Archer-Lean, C. (2021). Animal Representative Presence: Problems and Potential in Recent Australian Fiction. In J. Gildersleeve (Ed.), The Routledge Companion to Australian Literature (pp. 282–291). Routledge.
What scholarly disciplines are most relevant to this publication?
This chapter is situated in Australian literary studies as part of the new Routledge Companion to Australian Literature, and more specifically is a work of literary animal studies. A whole chapter on animals in this new companion marks a time where speciesism generally and animal representation specifically are generating critical attention in in Australian literary studies.
How would you describe this work to a non-academic interested in animal advocacy?
I discuss several recent works of Australian fiction to explore how animals are represented, arguing that while many Australian writers (post-invasion) present animals as local colour, or symbols, since the mid-1990s, there has been a shift in the game, with writers exploring the material realities of more-than-human representations, as well as critiquing the violence implicit in the human/more than human relationship. I then examine the ways these different figurations intersect with and are often overshadowed by a critique of patriarchal representations of women. My focus case for this investigation is the Stella award winning novel The Natural Way of Things (2015)by Charlotte Wood. I argue that this feminist dystopian work replicates some of the paradoxes of feminist prose in relation to nonhuman animals. The novel both resists and is complicit in a figuring of animals in reductive ways as it critiques Australian patriarchy and sexual violence.
How do you see your work relating to human-nonhuman relations?

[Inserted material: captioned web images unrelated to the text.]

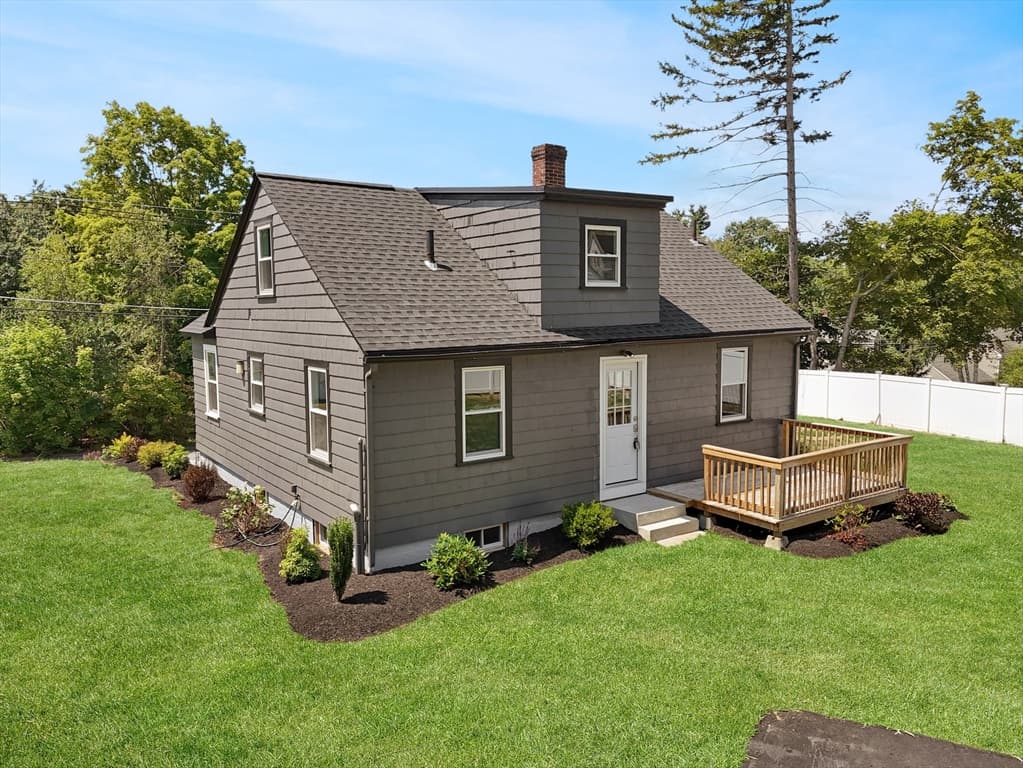 35 Richardson Rd, Fitchburg MA 01420 photo 4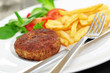 Frikadelle mit Pommes und Salat
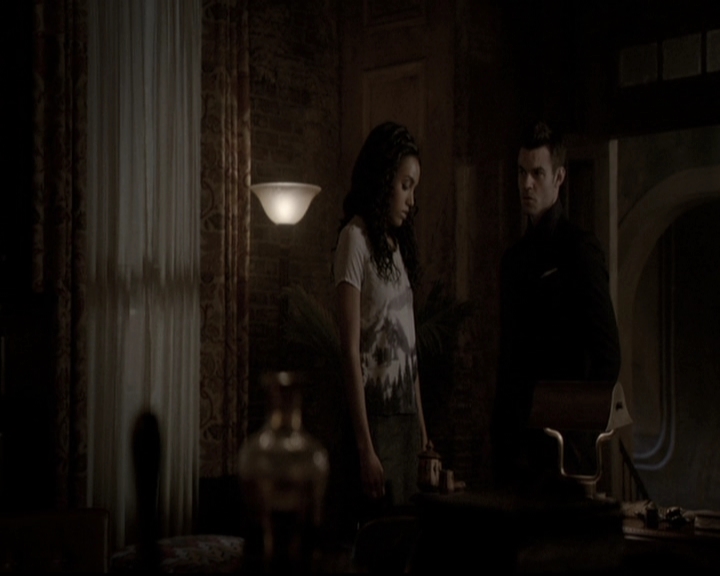 VampireDiariesWorld_dot_nl-TheOriginals_2x20CityBeneathTheSea2141.jpg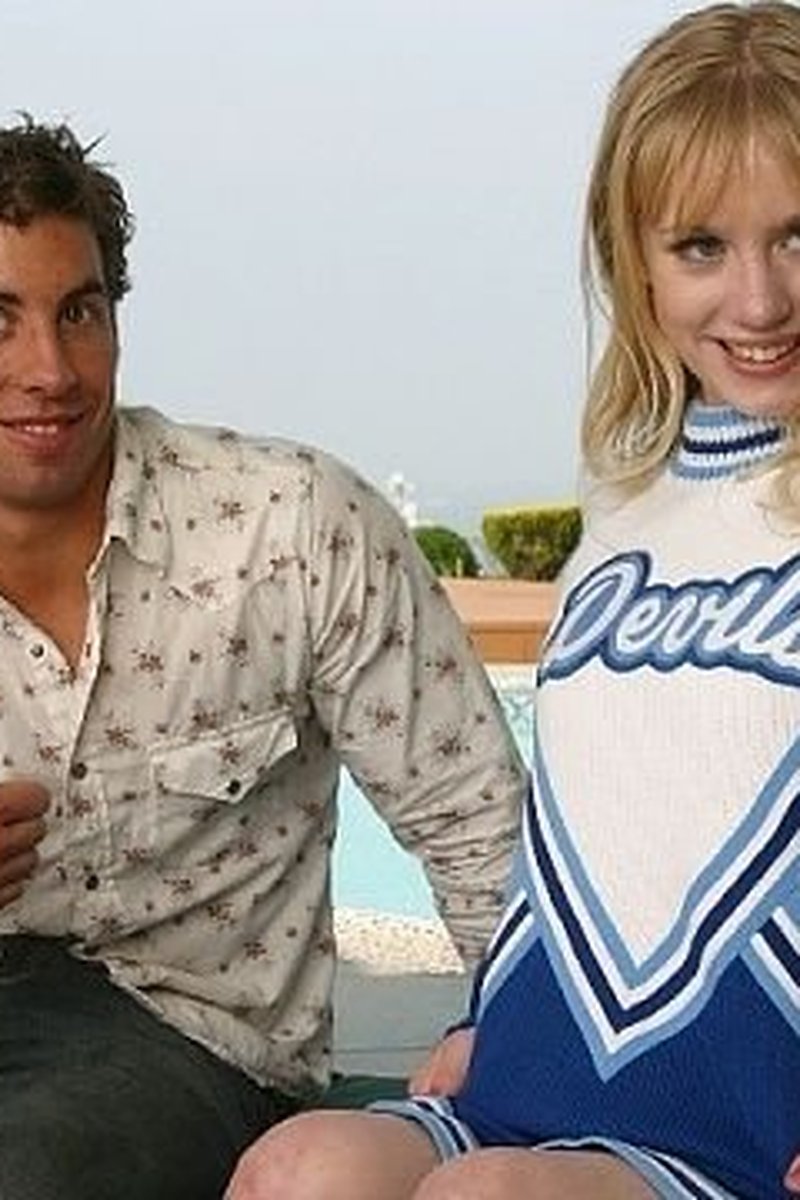 Meadow - Screenshot 1 of 4 - Cheerleader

Representation is important in determining outcomes for nonhumans. Human beings are story making animals, and our stories are not just a reflection of who we are but what we can be. Our stories are shaped by the terms and frames we use to understand other animals in many areas and disciplines. The representational realm of fiction specifically, and the epistemological positioning of animals more broadly, is a way of focusing on how nonhuman animals are represented and the implications this has for their treatment and agency in our complex shared worlds.
What are you working on next?
I am continuing to explore recent Australian literary figuring of animals. There are so many exciting new authors in this space. For example, I recommend to blog readers AASA’s own highly awarded author, Laura Jean McKay. I am also beginning an interdisciplinary project investigating the ways in which the camp dog is represented in various disciplines.
Bio: Clare Archer-Lean is a senior lecturer with the University of the Sunshine Coast, where she researches shifts in animal representations in contemporary Australian fiction, its links with decolonising approaches to reading and the interdisciplinary applications of both.